# Directions for this task
Lines from the one containing "REV012.0010 Front Sway" through the last line of the material below: print these exactly, and only these.

# Data for analysis
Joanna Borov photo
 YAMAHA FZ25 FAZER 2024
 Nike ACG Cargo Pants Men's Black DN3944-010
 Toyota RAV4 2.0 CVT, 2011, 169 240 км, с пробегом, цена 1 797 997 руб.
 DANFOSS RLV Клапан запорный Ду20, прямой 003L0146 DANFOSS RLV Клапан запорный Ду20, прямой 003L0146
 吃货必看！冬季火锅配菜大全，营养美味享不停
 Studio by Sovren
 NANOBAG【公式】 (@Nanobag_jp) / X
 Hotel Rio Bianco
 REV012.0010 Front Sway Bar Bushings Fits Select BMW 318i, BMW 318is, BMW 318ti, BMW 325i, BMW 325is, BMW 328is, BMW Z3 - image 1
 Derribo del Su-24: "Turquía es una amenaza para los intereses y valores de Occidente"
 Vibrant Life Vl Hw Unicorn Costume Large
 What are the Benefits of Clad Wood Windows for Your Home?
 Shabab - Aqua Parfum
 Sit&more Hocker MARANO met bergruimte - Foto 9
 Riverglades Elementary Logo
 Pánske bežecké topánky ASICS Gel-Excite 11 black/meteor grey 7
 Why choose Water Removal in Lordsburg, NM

# Worked solution
 REV012.0010 Front Sway Bar Bushings Fits Select BMW 318i, BMW 318is, BMW 318ti, BMW 325i, BMW 325is, BMW 328is, BMW Z3 - image 1
 Derribo del Su-24: "Turquía es una amenaza para los intereses y valores de Occidente"
 Vibrant Life Vl Hw Unicorn Costume Large
 What are the Benefits of Clad Wood Windows for Your Home?
 Shabab - Aqua Parfum
 Sit&more Hocker MARANO met bergruimte - Foto 9
 Riverglades Elementary Logo
 Pánske bežecké topánky ASICS Gel-Excite 11 black/meteor grey 7
 Why choose Water Removal in Lordsburg, NM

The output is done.